Setting your own limits

I have just come across a great blog post by the writer, Donald Miller. It touches on decisions that we can actively make to improve our emotional well-being. The post, Need to Manage Your Relationships? touches on the challenges Miller has faced managing his time and relationships in such a way that he can meet his professional and social responsibilities without exhausting himself.

You really should read this piece. It articulates what so many of us go through daily, trying to be supermen or superwomen in our jobs and lives in general. We are under so much pressure to perform well at work, to be supportive friends, and to meet whatever personal goals we have set for ourselves, that we forget that we can't do it all.  Many of us go overboard, committing ourselves to too much, and then subsequently wonder why we are so burnt out and resentful in the middle of the week.

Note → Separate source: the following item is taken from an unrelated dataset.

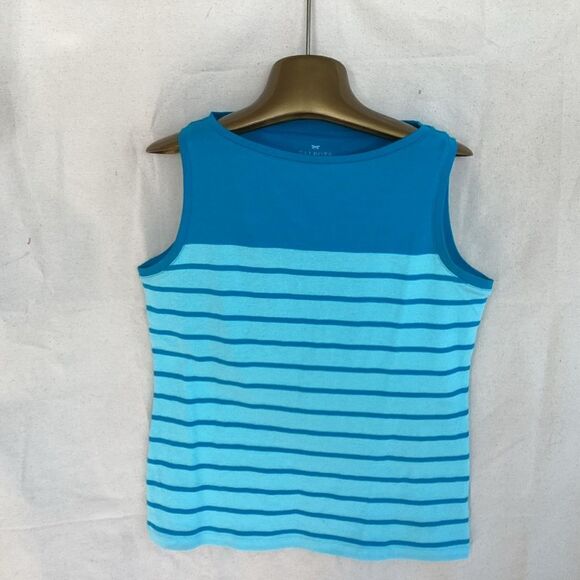Talbots Tops - Talbots woman’s sleeveless tank top petite medium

I'm glad to say I checked out of that particular hotel a long time ago. But the article resonates with me because it parallels my own process of coming to the realization that I had to set my own limits and stick to them. I was the person best placed to do this because I knew when I was at my most productive, when I was most exhausted, what was really important in the scheme of things, and what wasn't.

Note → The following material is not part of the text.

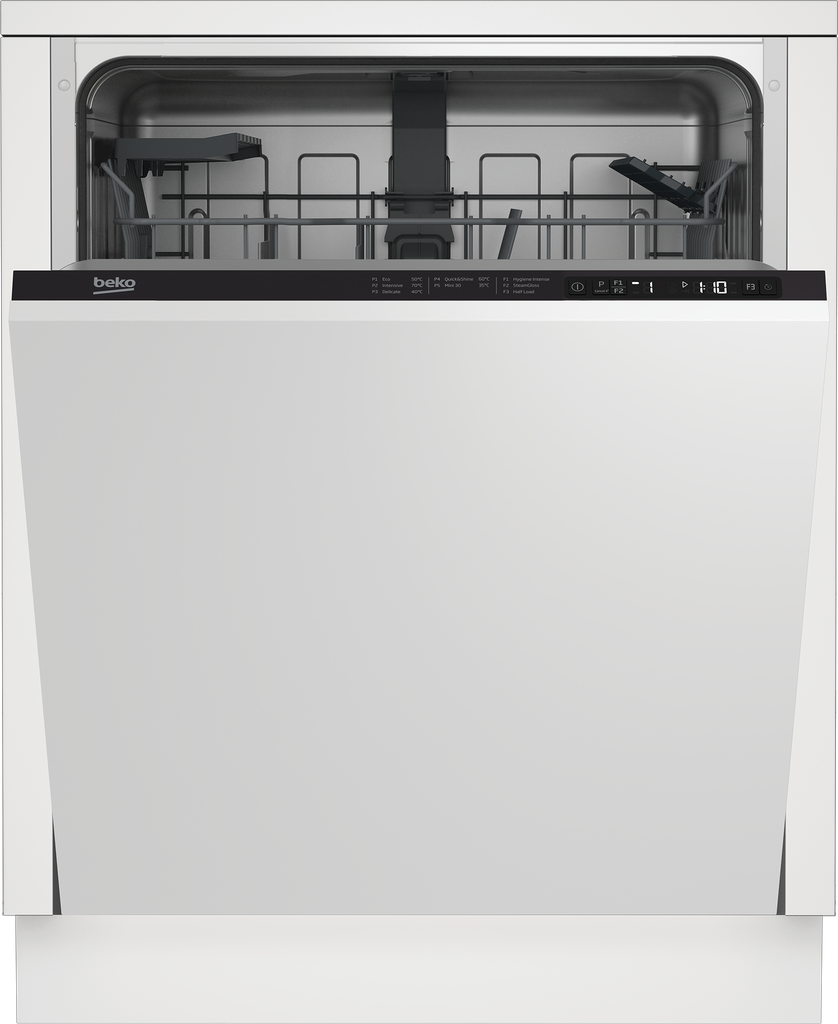 [BDIN25431] Beko BDIN25431 Built In Full Size Dishwasher - 14 Place Settings - NI EXCLUSIVE'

From his brief post, it is apparent that Miller learned what his daily work and life rhythm was and structured everything else around it. Fortunately, I too learned to do something similar a few years ago, and it simplified my life tremendously.

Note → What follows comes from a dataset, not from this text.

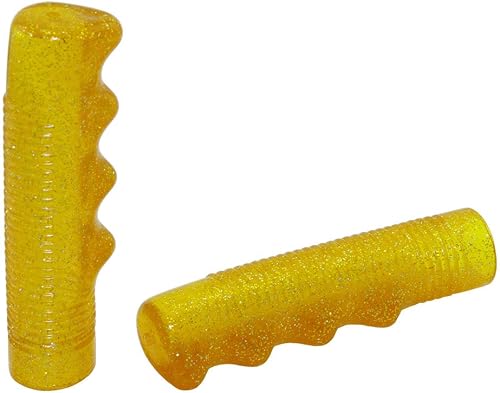 Miniatura 8 de Alta Puños brillantes para bicicleta Glitter Flake Lowrider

This work is licensed to Rose Kahendi under a Creative Commons Attribution-Noncommercial 3.0 Unported License.




Thursday, May 24, 2012

On popular perceptions of adoption in Kenya

In August last year, a Kenyan media personality, Caroline Mutoko, announced on her Facebook page that she had just become a mother. At first glance, it may seem like there was nothing unusual about this. After all, motherhood is part of the natural order of things. This, however, was a special situation. The radio show host had just successfully adopted a baby girl and was happy to share her joy with her fans.

UGLY PERSPECTIVES

Predictably, the responses to her announcement ran the full gamut. They ranged from those which lauded her actions to those which cast aspersions on her motives for adoption. Of those who wrote negative comments, some were sure that she had adopted because she did not want to 'ruin her figure' with pregnancy and childbirth. Others were certain that she had adopted in order to prove she was a 'self-sufficient woman', with no need for a man. Yet others claimed that she was infertile and poked fun at her for this perceived shortcoming.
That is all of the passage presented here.